NZEB stands for 'Nearly Zero-Energy Buildings,' a standard defined within the European Union's Energy Performance of Buildings Directive (EPBD). NZEBs are buildings with a very low annual energy demand for operation, which should be largely covered by renewable sources produced on-site or nearby.



OEE, or Overall Equipment Effectiveness, is a standard metric used to measure the manufacturing efficiency of equipment. OEE assesses how effectively manufacturing equipment is utilized compared to its maximum potential. It is a comprehensive indicator that combines three fundamental components of performance: availability, performance, and quality.

Availability measures the portion of planned operating time the equipment was actually ready and capable of production. It takes into account downtime caused by failures, maintenance, or changeovers.Performance evaluates how fast the equipment operates compared to its theoretical maximum speed during the time it is available. It includes slowdowns caused by minor stops or reduced operational speed.Quality assesses the proportion of products that meet quality standards out of the total number produced, including the rate of waste and rework.OEE is calculated as the product of these three components and is expressed as a percentage. High OEE values indicate that the equipment is being used efficiently, while low values point to problems in one of the efficiency components that need to be addressed. OEE is thus a useful tool for identifying areas of loss and opportunities for improvement in the manufacturing process.



PV plant, or photovoltaic power station, is a device for generating electrical energy by converting sunlight into electric current using photovoltaic cells. These cells are typically made from semiconductor materials that generate electric current when exposed to light.

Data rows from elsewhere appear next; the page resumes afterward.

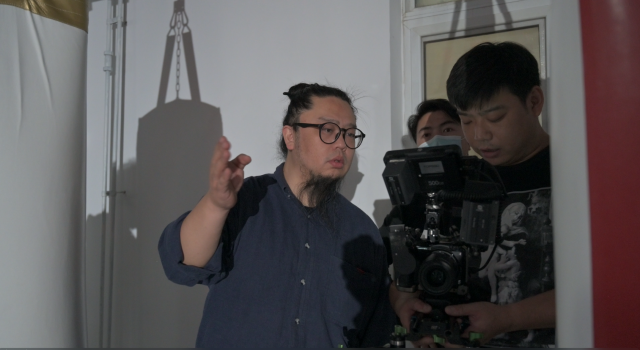 无反是未来的趋势，选择数码相机，就不要违背数字影像的基因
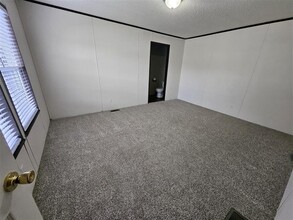 268 Bay Port Cir in Springport, MI - Building Photo - Building Photo
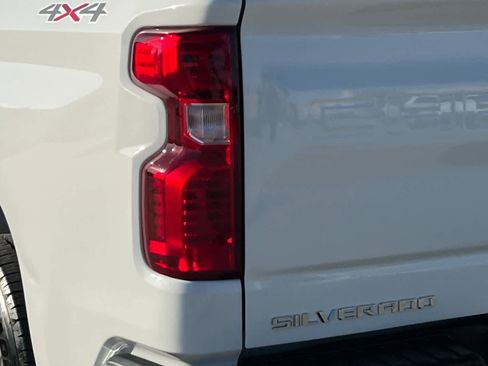 Used 2021 Chevrolet Silverado 1500 LT image 34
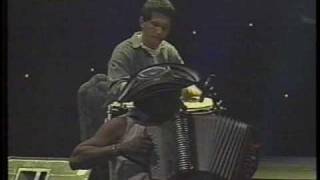 ALICIA ADORADA   CARLOS VIVES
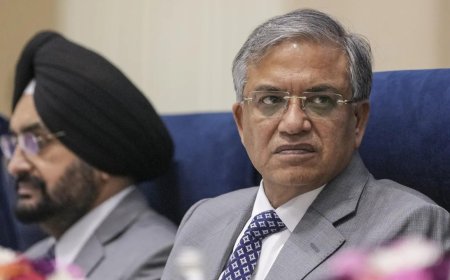 Bihar polls: No SIRround sound; Election Commission silent on number of 'aliens' deleted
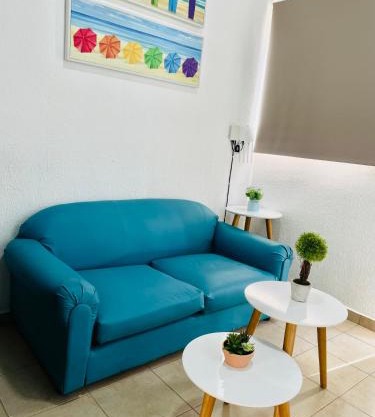 La Petite Santa Ana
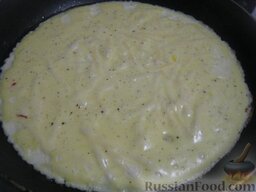 Омлетный рулет с сыром: Противень или большую сковороду разогреть, смазать растительным маслом (или растопить сливочное). Вылить яичную массу.   Выпекать в разогретой духовке около 10 минут при температуре 180 градусов.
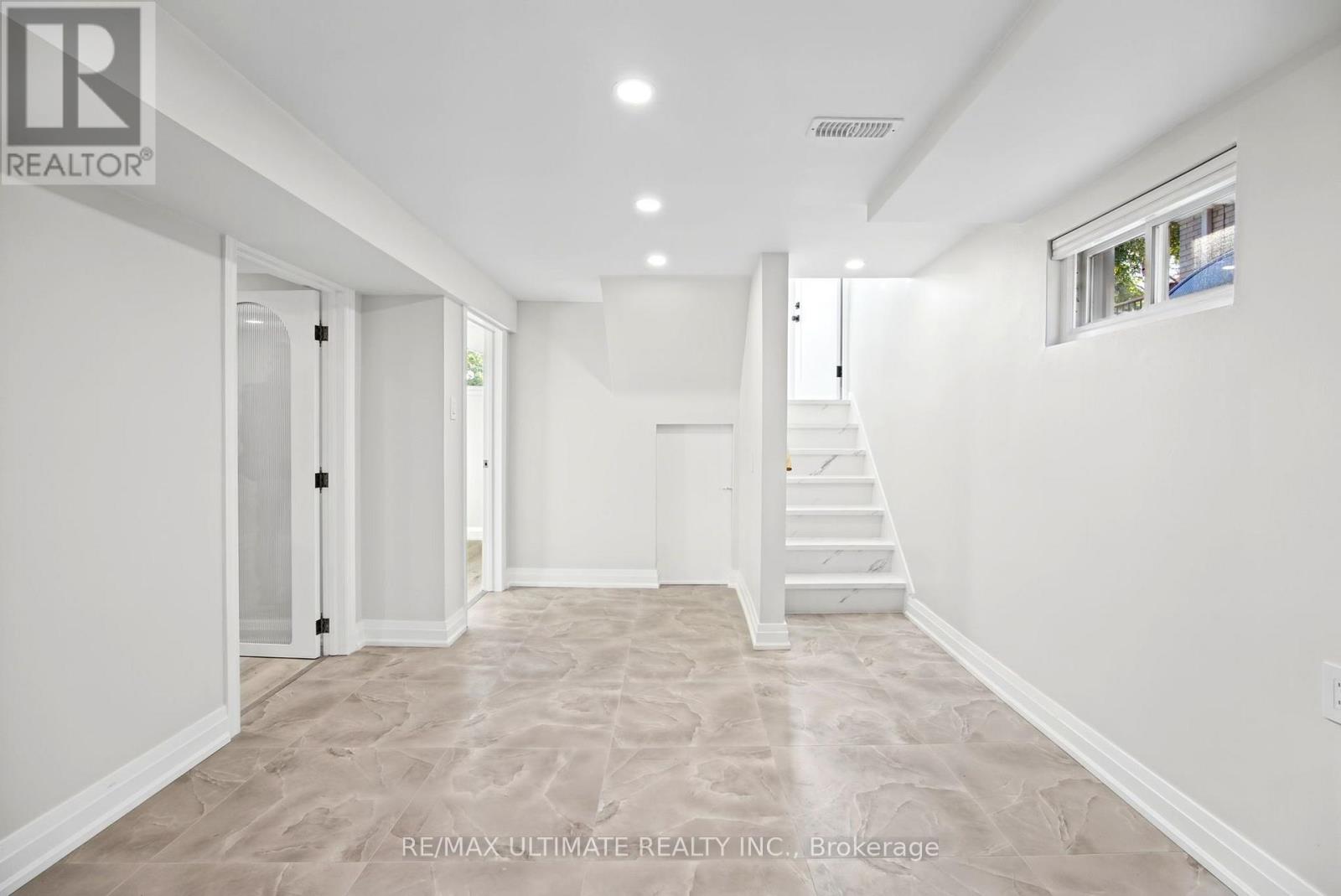 Bsmt - 38 Waterbury Drive, Toronto (Willowridge-Martingrove-Richview), Ontario  M9R 3X6 - Photo 3 - W14126524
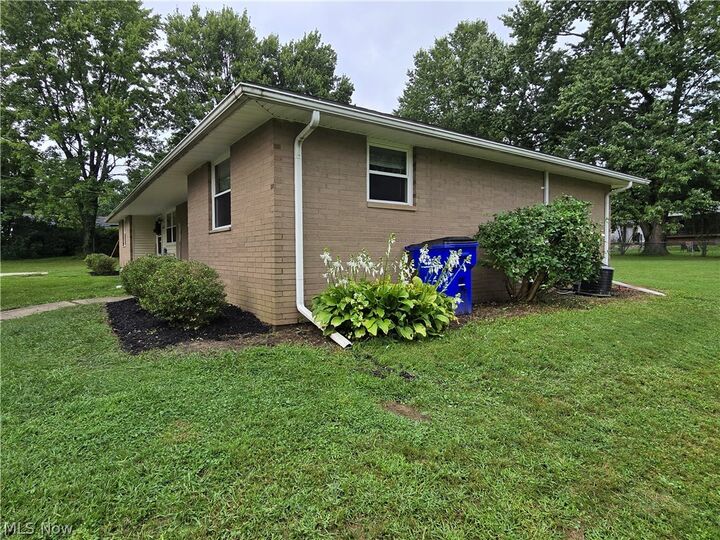 Property Photo: 4315-4317 Marks Avenue OH 44272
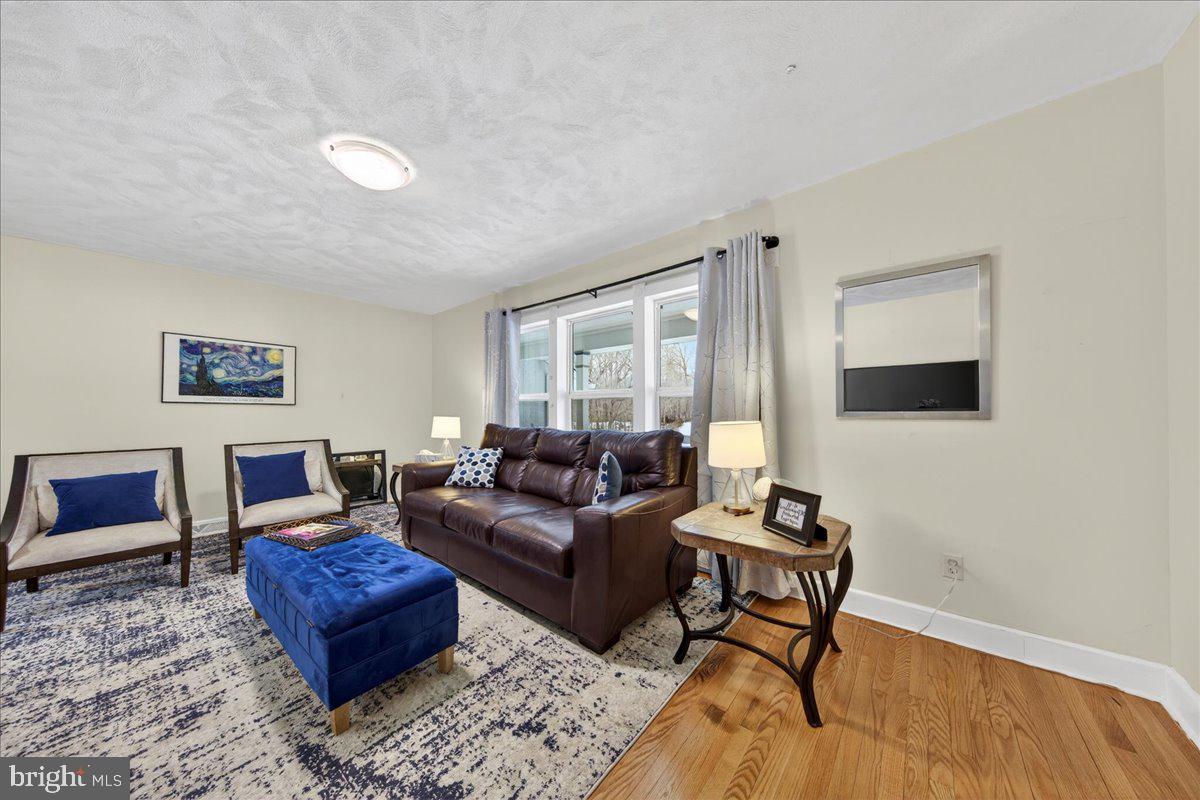 8901 DEEKENS ST, AMELIA COURT HOUSE, Virginia 23002, 3 Bedrooms Bedrooms, ,2 BathroomsBathrooms,Residential,For sale,8901 DEEKENS ST,VAAM2000100 MLS # VAAM2000100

Photovoltaic power stations can be installed on a small scale on the roofs of homes or buildings, or as large, standalone solar parks spread over extensive areas. The main advantages of using PV plants include the renewability and cleanliness of the energy source, low operating costs, and the ability to produce energy even in locations remote from central distribution networks.


Renewable energy

The more renewables, the more challenging it is to manage the transmission system and therefore follows the theme of Flexibility, Orchestration etc.



SRI, or Smart Readiness Indicator, is an indicator introduced as part of the revised European Directive on the energy performance of buildings (EPBD). SRI provides a scale that allows for the assessment of a building's or units within a building's ability to adaptively and intelligently respond to user needs and network operational requirements, with the aim of optimizing energy efficiency and overall performance.



UPS, or Uninterruptible Power Supply, is a device that provides emergency power to electrical equipment in the event of a power failure or instability in the main energy source. UPS maintains continuous power supply by immediately taking over the power supply of connected devices using built-in batteries or another backup energy source.

The primary purpose of a UPS is to protect critical electronic systems and data from sudden power outages, which could cause hardware damage, data loss, or interruption of important operations. UPS systems are often used in various applications, including data centers, hospitals, telecommunications facilities, and anywhere that requires a high degree of electrical power reliability.